::: Exercise materials
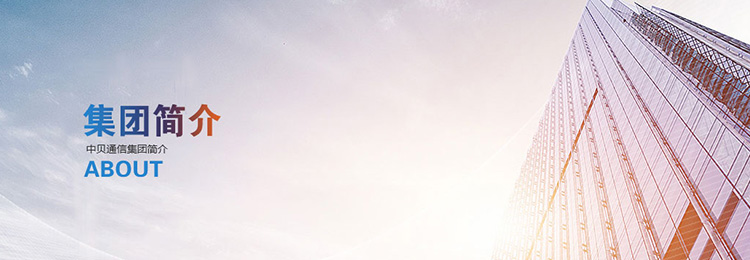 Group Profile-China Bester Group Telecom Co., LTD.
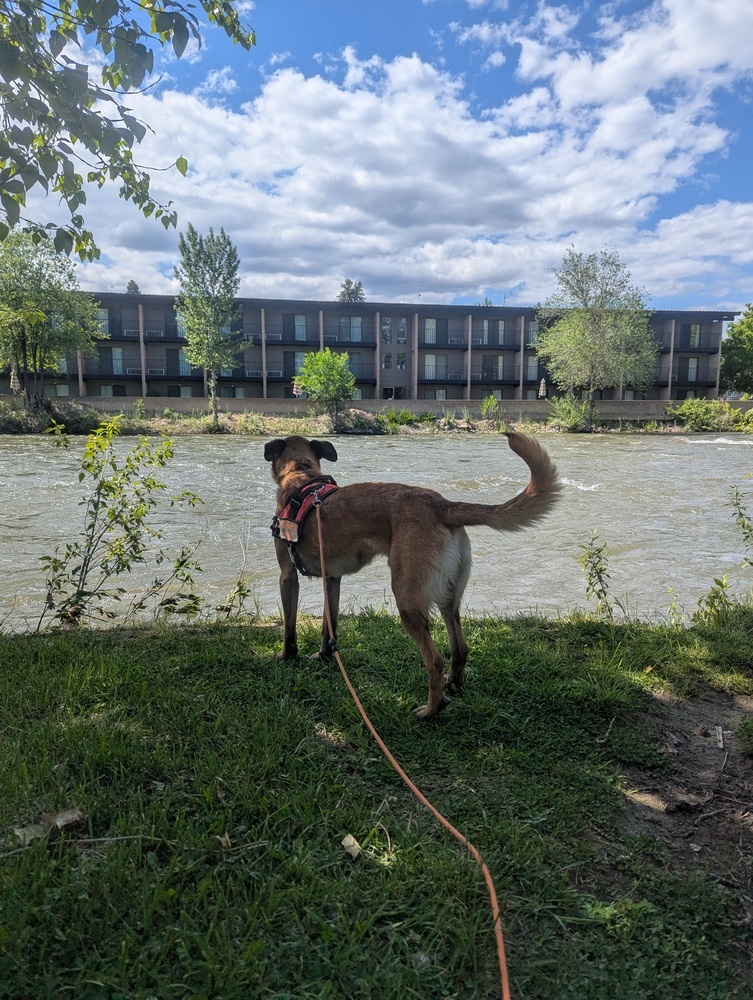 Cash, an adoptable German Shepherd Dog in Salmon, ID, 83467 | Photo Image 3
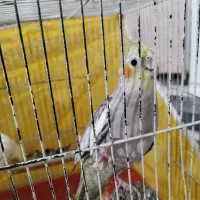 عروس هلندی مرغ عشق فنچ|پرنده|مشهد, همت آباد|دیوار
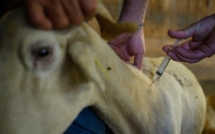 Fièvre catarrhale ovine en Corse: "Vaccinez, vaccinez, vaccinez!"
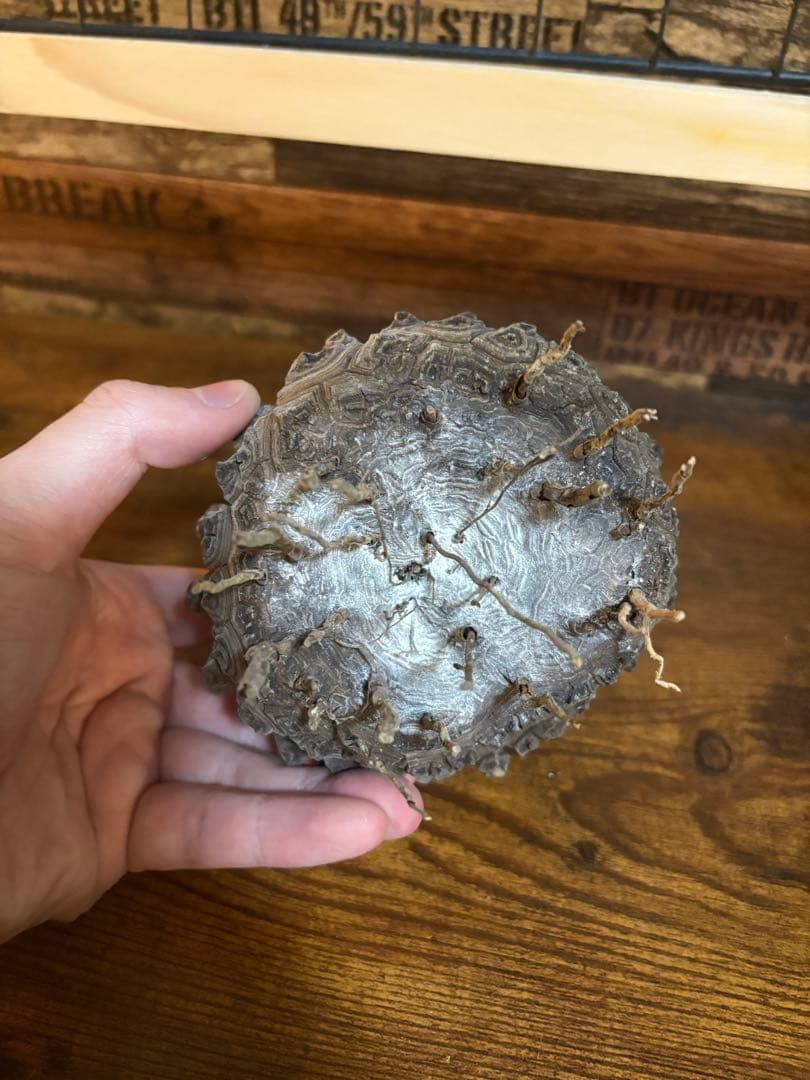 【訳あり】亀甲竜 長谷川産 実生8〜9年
::::::
> [Aim of the task]:
Every line from the one containing "Cash, an adoptable" through the final line of the records above is to be written out exactly; nothing else, and no pictures.

> [Finished exercise]:
 Cash, an adoptable German Shepherd Dog in Salmon, ID, 83467 | Photo Image 3
 عروس هلندی مرغ عشق فنچ|پرنده|مشهد, همت آباد|دیوار
 Fièvre catarrhale ovine en Corse: "Vaccinez, vaccinez, vaccinez!"
 【訳あり】亀甲竜 長谷川産 実生8〜9年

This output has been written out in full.